CogGym
A scalable framework for comparing AI models against humans using cognitive science experiments
This page describes CogGym: Towards Large-Scale Comparative Evaluation of Human and Machine Cognition, a benchmark and infrastructure project developed in collaboration with over 30 research labs.
AI benchmarks typically measure accuracy against objective ground truth. But arriving at the correct answer is not the same as thinking like a human. CogGym asks a different question: across the broad space of cognitive science experiments developed over decades to characterize human thought, how well do AI models actually align with human cognition?

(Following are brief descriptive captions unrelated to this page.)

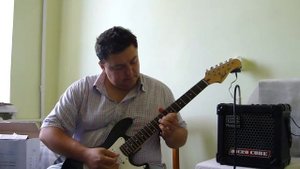 Обзор электрогитары Phil Pro MS 13 на комбоусилителе Roland Micro Cube.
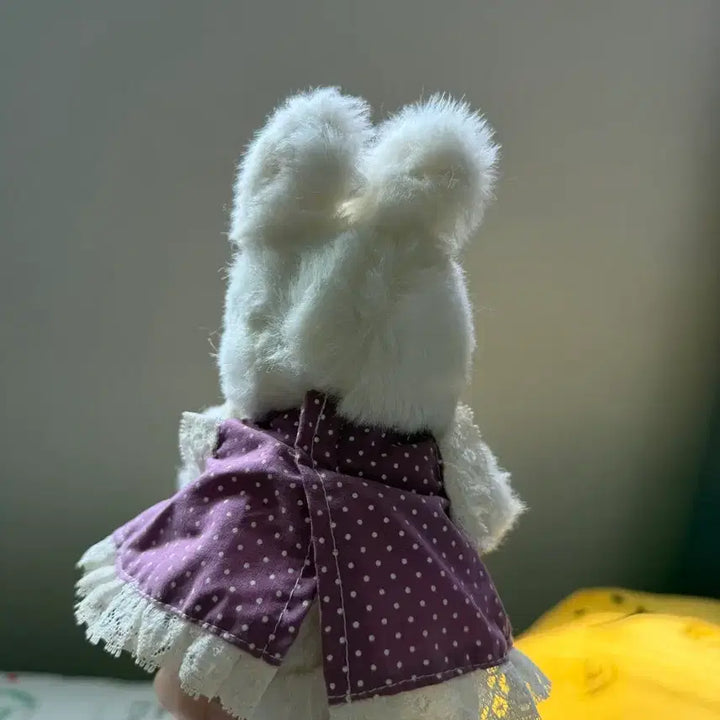 [BUNJANG] Vintage Rabbit Plush Purple Dress / 빈티지 토끼 인형 보라색 원피스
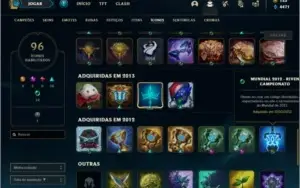 Conta com Jarvan e Janna Vitoriosos + Rammus e Kayle Juiza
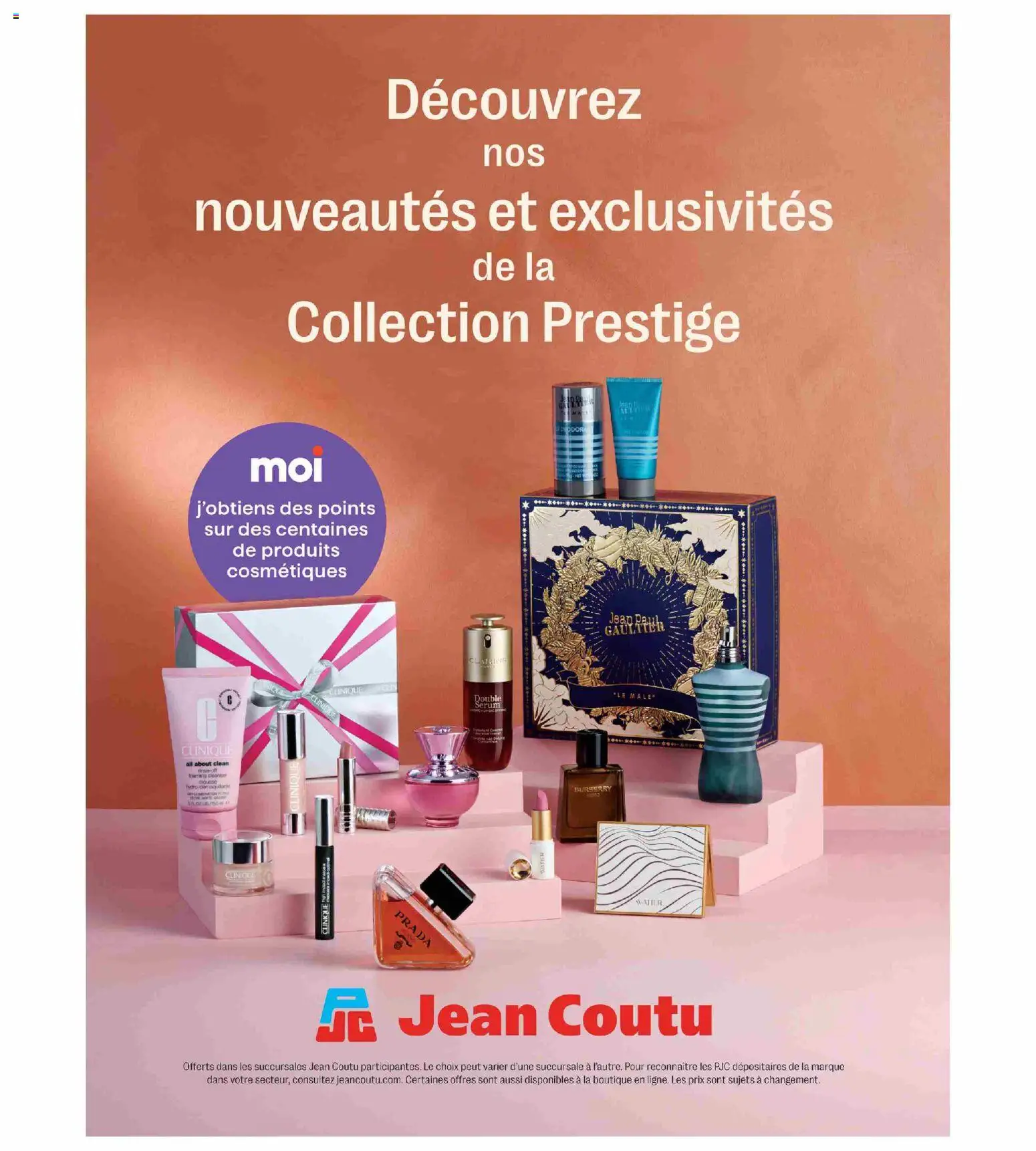 Preview of leaflet Jean Coutu - Catalogue Collection Prestige from shop Jean Coutu is valid from Oct 22, 2026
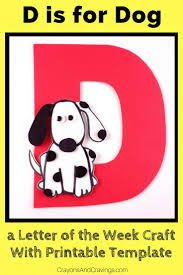 This Letter D Is For Dog Craft With Printable Template Is Part Of Our Letter Of The Week Craft Series Designed To Letter D Crafts D Is For Dog Letter A
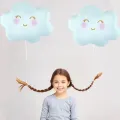 Mavi Mutlu Bulut Folyo Balon 72x56 cm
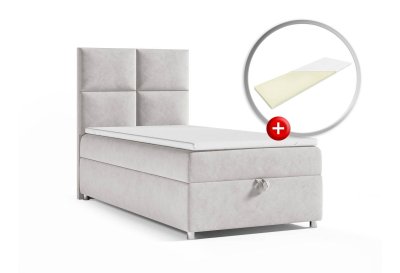 Zestaw łóżko kontynentalne z topperem K-2 SINGIEL 80x200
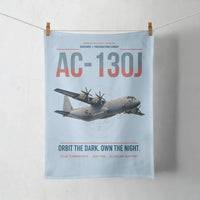 Thumbnail for AC-130J Ghostrider design on light blue towel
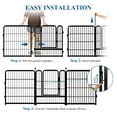 thumbnail image 4 of Suchown Dog Playpen Outdoor, 16 Panels 32" Height Dog Fence Exercise Pen for Large/Medium/Small Dogs, Pet Puppy Playpen for RV, Yard, Camping, 4 of 14
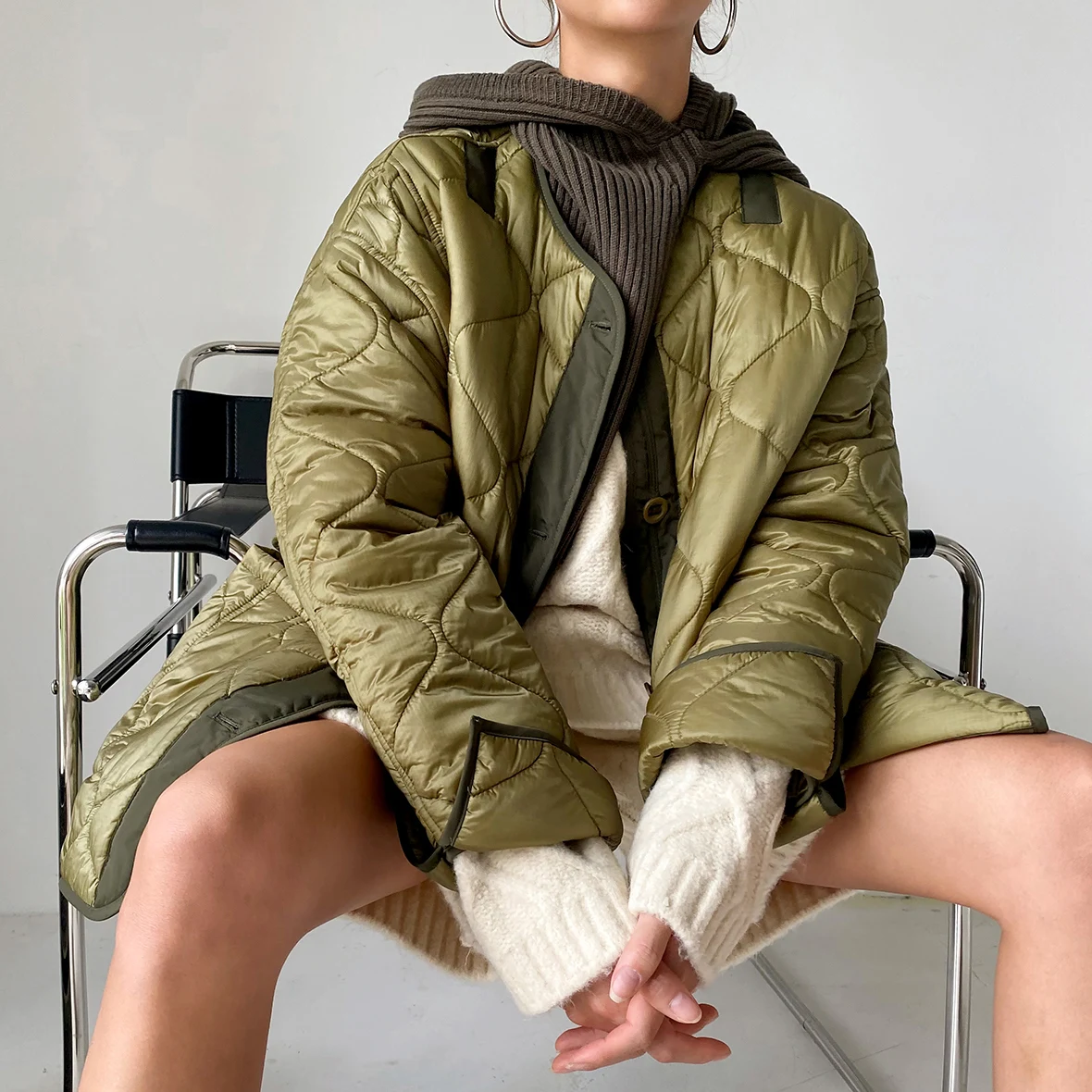 HziriP Fashion New Autumn Winter Jacket Women OL Minimalist Formal Solid O-neck Single Breasted Coat Female Loose Warm Parkas
HziriP Fashion New Autumn Winter Jacket Women OL Minimalist Formal Solid O-neck Single Breasted Coat Female Loose Warm Parkas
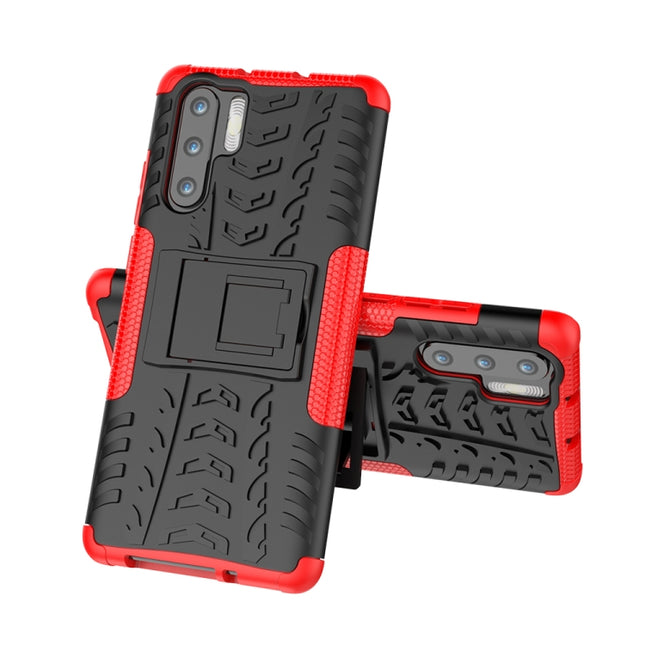 Tire Texture TPU+PC Shockproof Case for Huawei P30 Pro, with Holder, For Huawei P30 Pro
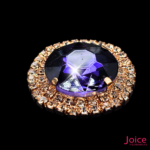 Chaton Redondo De Vidro 42mm Com Strass Em volta Com (BASE DOURADO) De Aço C/20-unidades - Imagem 6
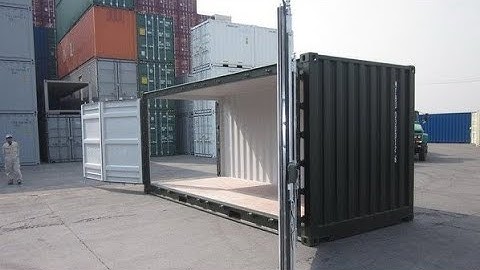 20ft Side Opening Shipping Container Door Operation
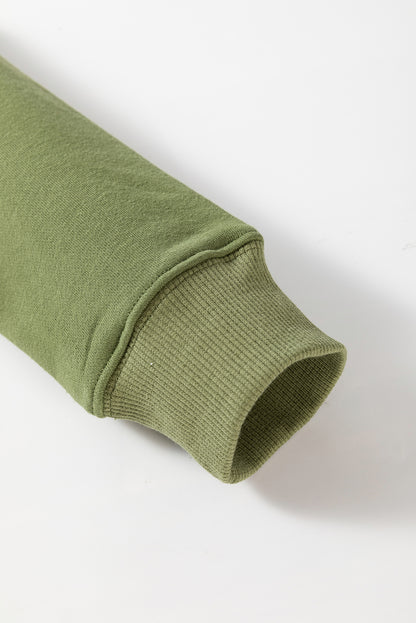 Vineyard Green – Lockeres Sweatshirt mit überschnittenen Schultern und überkreuzten Nähten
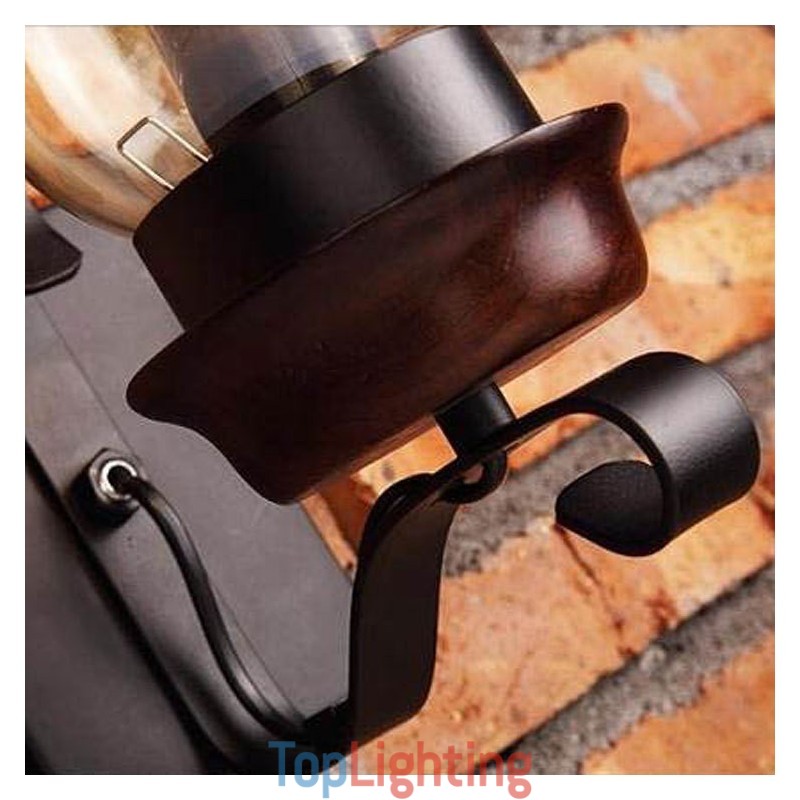 Retro Rustic Nordic Glass Wall Lamp Bedroom Bedside Wall Sconce Vintage Industrial Wall Light Fixtures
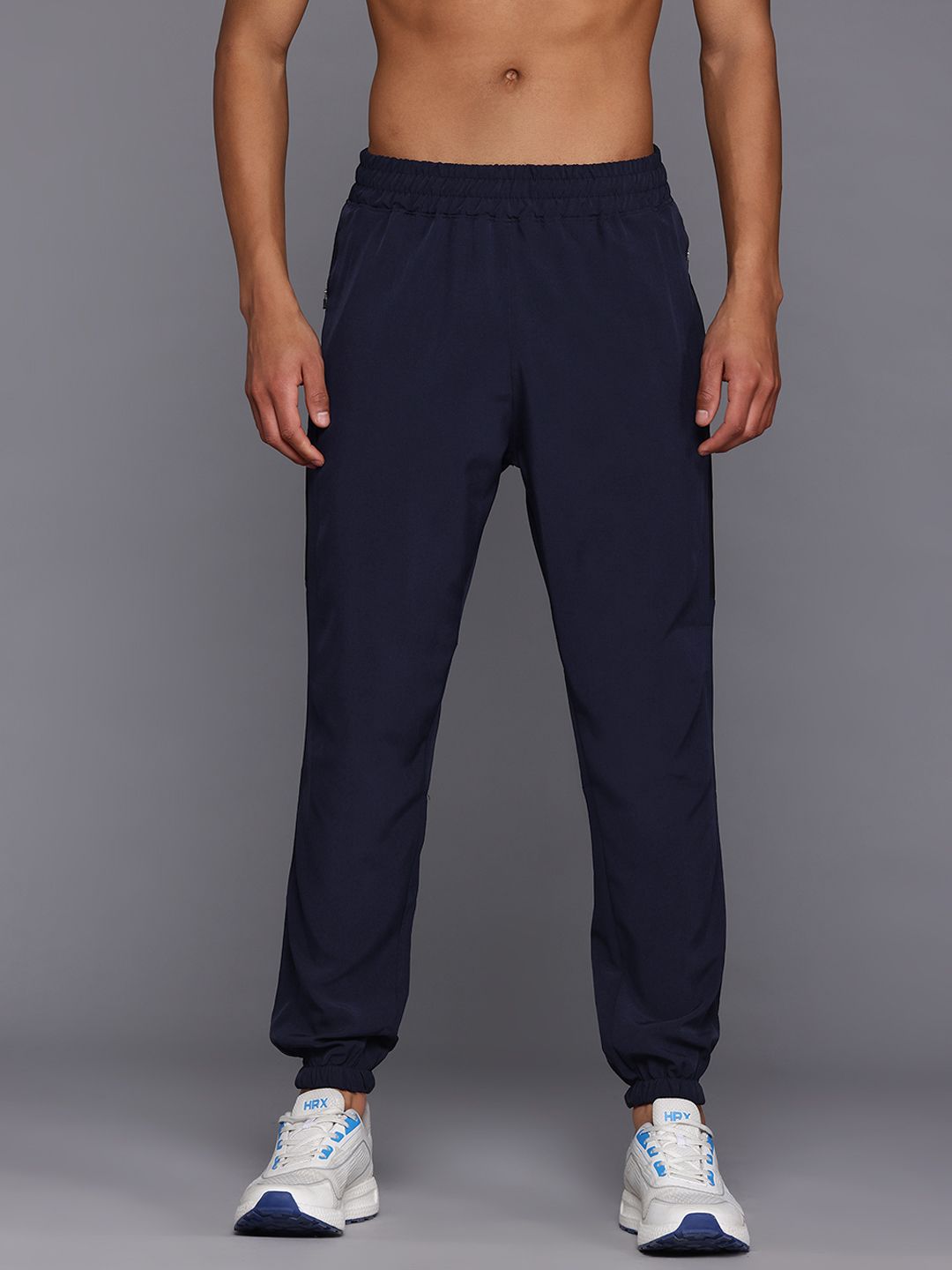 HRX by Hrithik Roshan Men Taping Detail Running Joggers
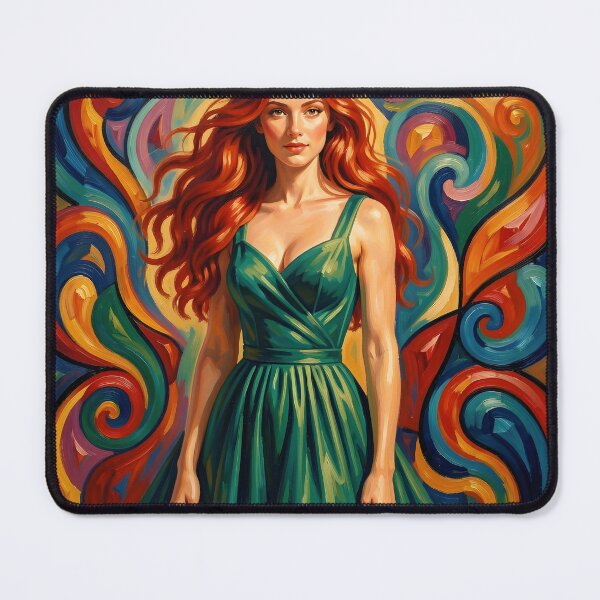 Item preview, Emerald Serenity in a Storm of Color designed and sold by KonTagDesign.
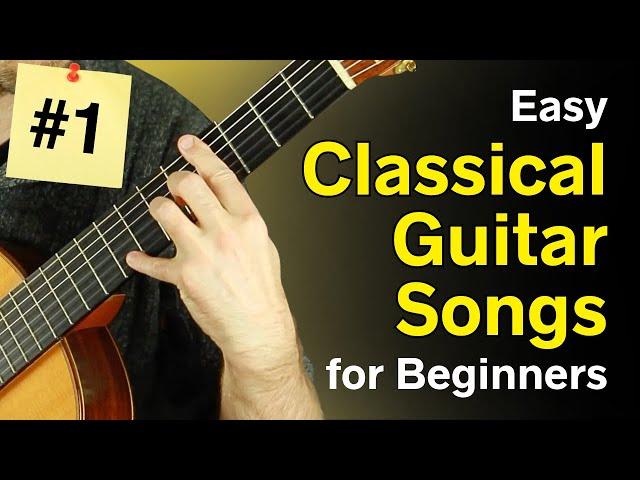 Piece #1 of 7 Easy Classical Guitar Songs for Beginners — With sheet music & classical guitar tabs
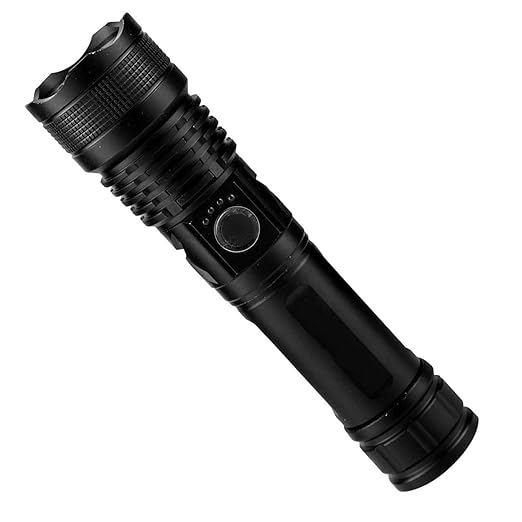 5 Modes Flashlight, Super Bright 100W Light LED Torch Light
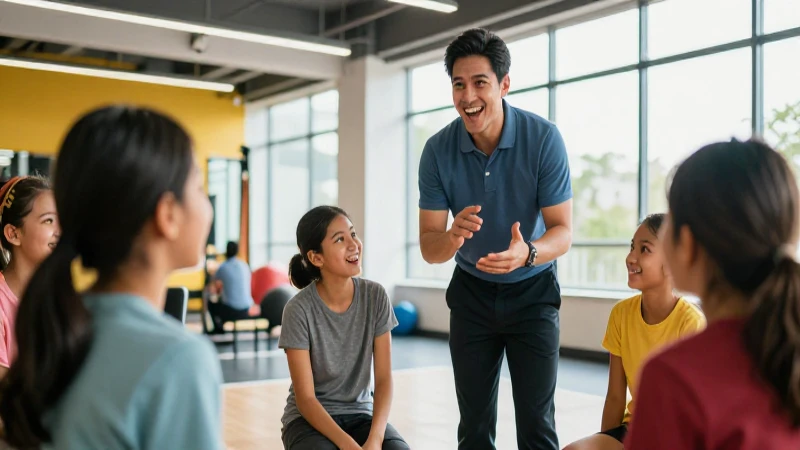 Guía educativa y feedback en gimnasio moderno
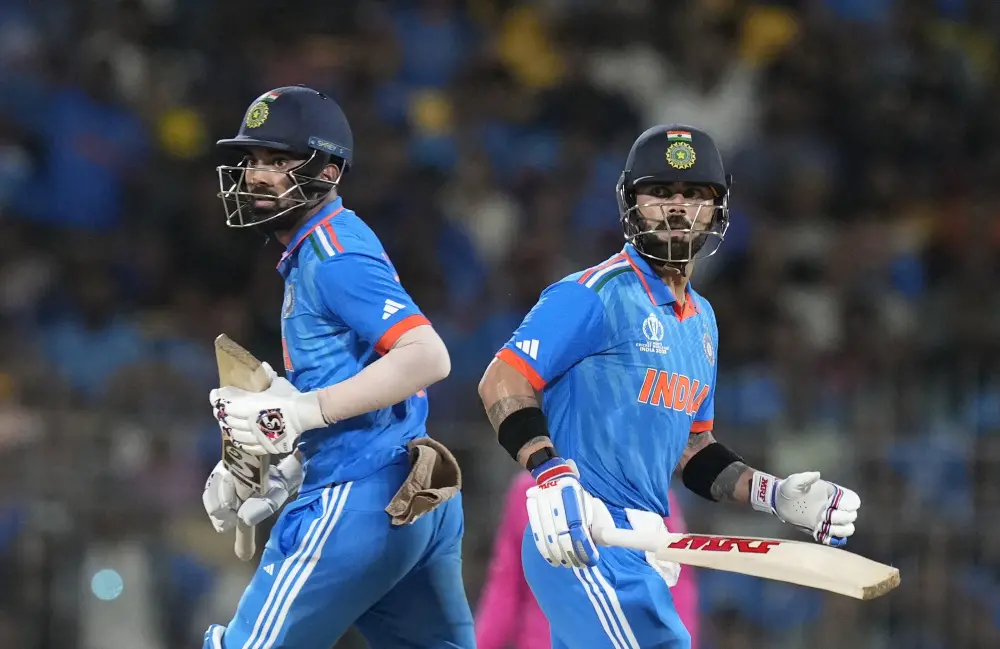 Virat Kohli and KL Rahul during the match | PTI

The core challenge is scale. Cognitive experiments are highly diverse in modality (text, audio, visual) and are built across heterogeneous software frameworks (PsychoPy, jsPsych, MATLAB). CogGym introduces the Experiment Markup Language (EML), a high-level, model-agnostic format that abstracts experimental logic — stimulus presentation, trial structure, response collection — into structured specifications. An expert-in-the-loop, LLM-assisted translation pipeline converts diverse paradigms into EML, enabling cognitive experiments to be administered to AI models at scale for the first time.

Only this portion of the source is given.